GA Precision charges $295 for a new barrel, presumably a Rock. They don't just screw it in, they true the action throughout and chamber the barrel to their specs, for another $350. So like I said, Squirrelnuts should get the most out of his factory barrel and take very good care of a first class replacement.
June 4, 2003, 07:18 PM
One more quick comment. If you are wanting to get a heavy barrel rifle, or at least end up with a heavy barrel rifle, then if you get a sporter weight rifle now, your stock will need to be inletted quite a bit when the heavy barrel is installed later.
And the PSS/Police barrel is no different than the barrel that comes with the 700VS. Just the different stock. The Police has a wider forend and a palm swell on the pistol grip whereas the 700VS do not. Also, I am of the understanding that none of the PSS/Police rifles have the new lock that the newer 700s are coming with if that makes any difference to you.
Around here, the Police is only about $60 more than the VS. Money will spent in my opinion as I like the stock and would rather not have the lock as have it. And unless you're a pretty experienced rifleman, you might be surprised how well the factory rifle/barrel will shoot for you. If you can't hold a very accurate rifle to less than 1" at 100 yards with reasonable consistancy, the factory barrel is probably plenty. ;)
Good luck. :)
June 5, 2003, 12:03 AM
True enough that the PSS rifles don't have the stupid little politically correct lock built into the shroud.
As for barrels, only the LTRs are being built with a unique barrel. The longer 26 inch barreled PSS rifles do in fact share their tubes with those of the VS/Sendero rifles.
Finish on the PSS is a parkarized finish as opposed to the baked on epoxy type finish on the VS/Sendero.

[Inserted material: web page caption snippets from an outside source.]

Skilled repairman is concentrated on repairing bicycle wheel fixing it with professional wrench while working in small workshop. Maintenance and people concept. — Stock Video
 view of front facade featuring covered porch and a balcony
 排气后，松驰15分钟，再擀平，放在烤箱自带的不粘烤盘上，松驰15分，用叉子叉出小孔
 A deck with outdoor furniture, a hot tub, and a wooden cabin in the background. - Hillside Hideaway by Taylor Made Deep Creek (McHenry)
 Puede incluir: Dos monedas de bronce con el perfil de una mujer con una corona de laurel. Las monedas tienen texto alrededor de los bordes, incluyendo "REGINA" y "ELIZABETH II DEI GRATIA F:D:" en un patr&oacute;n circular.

I've got a PSS and I'm starting to grow accustomed to the stock but I still like the VS/Sendero stocks more, when I have my 300WinMag rebuilt one of these days I'm gonna sell the PSS stock off to help offset the costs of a McMillian A3 stock. People seem to perfer the PSS stocks and will pay some what of a premium for them.
If a person could get a PSS for only 60 or so dollars more than a VS/Sendero, I could see it as being worth it as well. Local shops around here usually want upwards of an additional 150 though for a PSS. Fortunately I got my 300WinMag PSS for 600 dollars shipped with rings/bases and only 100 rounds through it, been a subMOA performer with just my starting handloads and those handloads are beating out what Federal Gold Medal 190grainers are capable of.
Something to note, supposedly some of the 700 Police rifles came out with a 5R barrel LONG ago back when the things were first starting to be introduced but such is not the case anymore. They are really limited in quanity, probably more so than the more recent run of stainless 5R 308s.
June 11, 2003, 05:58 AM
Boots Obermeyer developed 5R rifling as a variant of the Russian lands form. He taught Mike Rock how to cut 5R rifling when Rock was apprenticing for him.
When Remington was developing the M24, 5R rifling was spec'd and Mike Rock provided the early barrels. What transpired next is the subject of contention. Some say Mike Rock was contracted for but was unable to deliver on the production barrels due to "personal problems". Others say that Rock's role was to provide the developmental barrels ONLY from the beginning. Whichever is the case, Remington worked out how to hammer forge 5R rifling for the M24 and now occasionally release barrels for other applications.
What's the benefits? Supposedly less deformation of the bullet jacket. Better gas seal.
An interesting aside. Obermeyer is supplying 5R barrels for Knight Arms for use in the SR25's supplied to the Military.
June 11, 2003, 01:59 PM
I've seen that both Obermeyer and Remington have provided 5R barrels to Knights. The Biggerhammer.net guys would be more knowledgable on the runs or dates changes in barrels were made.
One thing I have to wonder about 5R barrels, how much easier are they to clean? Seems like one of the big bonuses to me if you don't have those sharp 90degree corners to hog out material from the bullet jacket and have it guilded to the barrel.
Probably an advantage akin to the polygonal type rifling that HK used for the PSG1.